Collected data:
------
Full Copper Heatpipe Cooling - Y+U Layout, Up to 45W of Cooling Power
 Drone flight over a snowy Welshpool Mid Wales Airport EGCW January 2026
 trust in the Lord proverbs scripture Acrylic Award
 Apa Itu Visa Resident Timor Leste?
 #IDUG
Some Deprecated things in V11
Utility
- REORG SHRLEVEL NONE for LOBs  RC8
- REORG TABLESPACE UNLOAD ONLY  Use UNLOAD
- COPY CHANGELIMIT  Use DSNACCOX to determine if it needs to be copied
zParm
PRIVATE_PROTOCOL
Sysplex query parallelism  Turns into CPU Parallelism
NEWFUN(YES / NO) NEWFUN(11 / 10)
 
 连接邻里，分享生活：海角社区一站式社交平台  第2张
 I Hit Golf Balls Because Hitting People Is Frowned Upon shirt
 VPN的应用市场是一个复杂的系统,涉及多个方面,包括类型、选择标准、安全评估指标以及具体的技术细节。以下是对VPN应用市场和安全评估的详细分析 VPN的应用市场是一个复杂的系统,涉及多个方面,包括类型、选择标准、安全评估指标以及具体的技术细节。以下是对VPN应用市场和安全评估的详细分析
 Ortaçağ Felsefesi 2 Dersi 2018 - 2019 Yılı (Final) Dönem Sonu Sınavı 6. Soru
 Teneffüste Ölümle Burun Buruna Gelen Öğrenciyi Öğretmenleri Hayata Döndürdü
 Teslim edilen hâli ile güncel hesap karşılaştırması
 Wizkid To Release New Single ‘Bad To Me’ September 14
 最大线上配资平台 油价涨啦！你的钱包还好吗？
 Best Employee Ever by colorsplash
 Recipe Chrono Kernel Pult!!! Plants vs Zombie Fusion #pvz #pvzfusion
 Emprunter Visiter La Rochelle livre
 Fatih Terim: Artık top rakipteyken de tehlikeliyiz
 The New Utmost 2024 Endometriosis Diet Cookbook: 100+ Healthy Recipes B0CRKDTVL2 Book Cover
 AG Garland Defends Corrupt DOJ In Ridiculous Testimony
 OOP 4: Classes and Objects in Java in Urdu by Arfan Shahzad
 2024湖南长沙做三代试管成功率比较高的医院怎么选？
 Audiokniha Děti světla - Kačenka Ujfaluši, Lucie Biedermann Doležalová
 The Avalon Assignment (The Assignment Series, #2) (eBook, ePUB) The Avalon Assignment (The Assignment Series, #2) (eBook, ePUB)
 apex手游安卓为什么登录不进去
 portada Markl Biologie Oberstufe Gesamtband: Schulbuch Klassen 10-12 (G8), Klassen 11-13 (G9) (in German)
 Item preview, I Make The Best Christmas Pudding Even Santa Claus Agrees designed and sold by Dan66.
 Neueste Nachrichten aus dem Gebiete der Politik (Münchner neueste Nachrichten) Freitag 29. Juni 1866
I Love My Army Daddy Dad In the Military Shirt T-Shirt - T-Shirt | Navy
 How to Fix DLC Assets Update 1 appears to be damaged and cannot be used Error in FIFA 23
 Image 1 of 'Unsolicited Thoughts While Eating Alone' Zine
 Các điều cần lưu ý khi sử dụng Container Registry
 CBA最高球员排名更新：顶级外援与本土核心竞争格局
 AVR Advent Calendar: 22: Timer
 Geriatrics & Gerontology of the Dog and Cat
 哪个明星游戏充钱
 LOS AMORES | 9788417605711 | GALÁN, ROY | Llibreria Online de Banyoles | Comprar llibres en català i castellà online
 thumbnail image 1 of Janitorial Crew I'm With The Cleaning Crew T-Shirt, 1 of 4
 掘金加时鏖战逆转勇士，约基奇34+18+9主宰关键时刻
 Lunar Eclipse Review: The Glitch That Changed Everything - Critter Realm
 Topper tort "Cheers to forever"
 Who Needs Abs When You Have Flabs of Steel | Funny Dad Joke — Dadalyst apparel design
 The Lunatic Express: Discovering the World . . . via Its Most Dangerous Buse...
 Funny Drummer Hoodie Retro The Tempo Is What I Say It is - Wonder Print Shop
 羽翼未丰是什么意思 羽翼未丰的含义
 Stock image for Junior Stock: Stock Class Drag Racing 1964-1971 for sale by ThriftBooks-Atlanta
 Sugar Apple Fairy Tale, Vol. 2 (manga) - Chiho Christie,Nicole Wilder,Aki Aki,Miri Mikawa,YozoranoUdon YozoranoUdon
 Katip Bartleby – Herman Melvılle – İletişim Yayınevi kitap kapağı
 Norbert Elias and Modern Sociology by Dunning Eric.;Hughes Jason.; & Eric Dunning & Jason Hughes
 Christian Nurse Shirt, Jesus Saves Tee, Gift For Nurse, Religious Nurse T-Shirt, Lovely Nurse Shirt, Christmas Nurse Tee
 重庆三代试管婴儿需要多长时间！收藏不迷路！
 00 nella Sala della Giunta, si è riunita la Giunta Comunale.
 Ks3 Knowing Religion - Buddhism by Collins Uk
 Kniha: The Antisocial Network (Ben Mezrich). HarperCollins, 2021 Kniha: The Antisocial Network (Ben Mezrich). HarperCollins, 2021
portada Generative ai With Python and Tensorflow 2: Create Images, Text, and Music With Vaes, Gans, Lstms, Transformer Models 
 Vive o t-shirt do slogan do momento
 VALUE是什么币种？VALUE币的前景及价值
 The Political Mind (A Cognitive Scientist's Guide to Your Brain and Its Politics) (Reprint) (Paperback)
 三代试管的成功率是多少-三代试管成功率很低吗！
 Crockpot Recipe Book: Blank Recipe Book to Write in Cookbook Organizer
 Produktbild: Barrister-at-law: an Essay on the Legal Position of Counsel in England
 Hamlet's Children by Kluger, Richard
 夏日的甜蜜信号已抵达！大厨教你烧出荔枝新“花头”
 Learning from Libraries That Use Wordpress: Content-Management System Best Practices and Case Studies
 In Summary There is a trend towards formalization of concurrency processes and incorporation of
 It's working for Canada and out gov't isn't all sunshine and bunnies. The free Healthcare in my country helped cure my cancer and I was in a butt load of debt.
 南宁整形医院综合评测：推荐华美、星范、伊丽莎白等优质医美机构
------
*EXERCISE OBJECTIVE*
Answer with the number alone: how many lines in the records include the word "portada"?

*EXERCISE RESPONSE*
2